Todo o trabalho do ator foi previamente gravado. Está, portanto, vinculado ao passado. Ao acionar a gravação, o espectador é levado a trilhar um percurso pela cidade, refazendo o trajeto uma vez realizado pelo personagem. Dessa forma, Frequência Ausente 19Hz se torna uma vivência presente para o espectador. Essa articulação entre passado (da obra) e presente (para aquele que assiste) remete ao cinema. Ao ser levado a transitar por lugares por onde o personagem passou, o espectador estabelece as suas próprias impressões. Nesse sentido, descola-se, em alguma medida, do personagem. Logo no início, essa preservação de identidades vem à tona de modo ambíguo: por um lado, o espectador é encaminhado para uma cadeira localizada no centro de uma sala diante de outras cadeiras vazias – na mesma posição do personagem, um ator que se deparou com absoluta falta de público na noite de estreia de seu espetáculo; por outro, o personagem pede que o espectador o siga, colocando-se na posição de narrador/guia.

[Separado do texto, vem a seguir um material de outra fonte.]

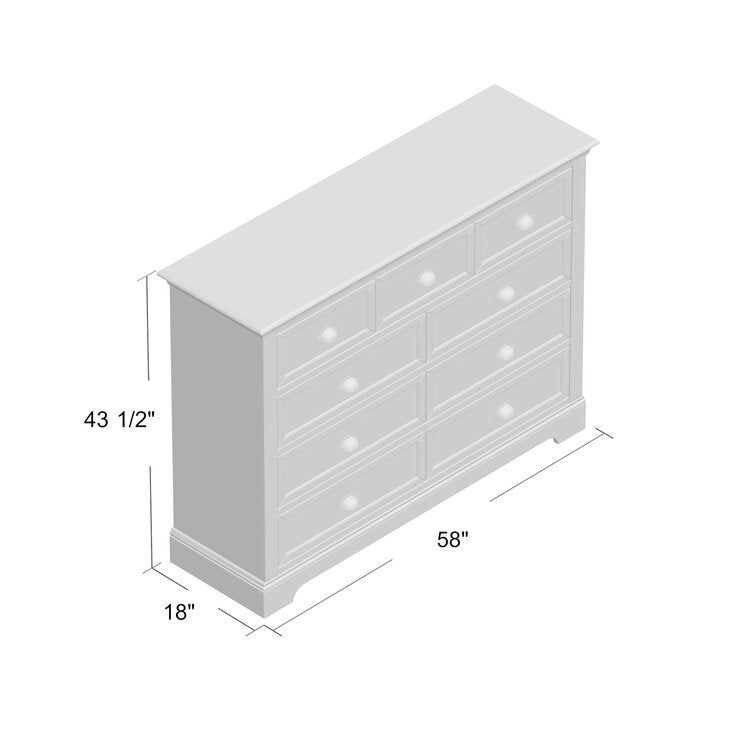Alicea 58'' W 9 - Drawer Dresser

A narração implica em algum grau de distanciamento em relação ao fato vivenciado. Essa distância é minimizada na interpretação de Gustavo Vaz – que assina a adaptação do texto, a partir de A Náusea, de Jean-Paul Sartre, além da direção (em parceria com Bernardo Galegale) –, que imprime carga dramática, possivelmente diante do desafio de corporificar o personagem tão-somente por meio da voz. A dramaticidade também é acentuada pelo som das trovoadas que cortam a cidade durante boa parte do percurso catártico do personagem, que, assombrado pela rejeição absoluta, vaga desnorteado.

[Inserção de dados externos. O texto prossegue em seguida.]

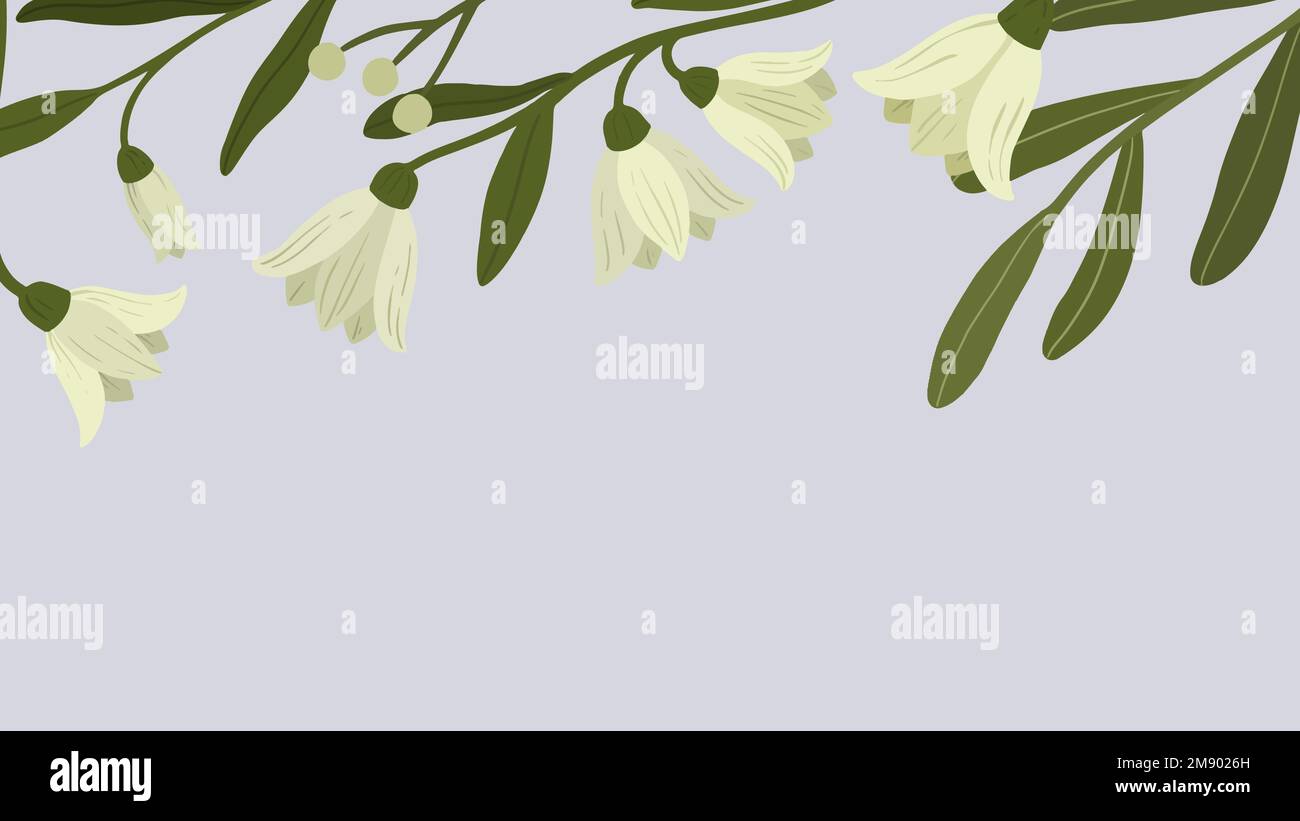 White botanical copy space mobile wallpaper vector Stock Vector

Ainda atravessado pelo abandono, o personagem destaca observações históricas sobre a cidade que soam pouco orgânicas dentro da dramaturgia. O objetivo parece ser o de fazer com que o espectador perceba o personagem como parte integrante de um processo histórico. Mas, justamente por ter sido concebido para ser apresentado em cidades diferentes é que Frequência Ausente 19Hz não estabelece, de fato, vínculo com nenhuma. Talvez porque, apesar de todo o destaque ao meio externo, o personagem desenvolva cada vez mais um processo de autopercepção. Não por acaso, o momento em que a conexão entre o estado emocional do personagem e a história da cidade se estabelece é aquele em que ele observa que uma estátua está olhando para dentro de si.
Há, em todo caso, o corpo da cidade. O espectador percorre um trajeto considerável por Curitiba, ainda que simbólico, na medida em que, diferentemente do sinalizado pelo personagem, circula por área restrita, sem mergulhar nas entranhas da cidade, tarefa de difícil concretização cênica. De qualquer modo, Frequência Ausente 19Hz exige que o ator se engaje fisicamente numa inversão habitual de outro princípio do acontecimento teatral: aqui a exigência recai sobre o corpo do espectador e não sobre o do ator. Este permanece invisível, durante a maior parte do tempo, aos olhos do espectador. Essa invisibilidade informa bastante sobre um personagem que sofreu uma espécie de apagamento ao ver negada a existência de seu trabalho, apesar de a ausência de público não implicar necessariamente na anulação do trabalho. Em dado instante, o personagem narra para o espectador a desmaterialização de seu corpo, etapa fundamental para que ele perceba no corpo do outro, do estranho, o seu próprio.
O crítico viajou a convite da organização do festival.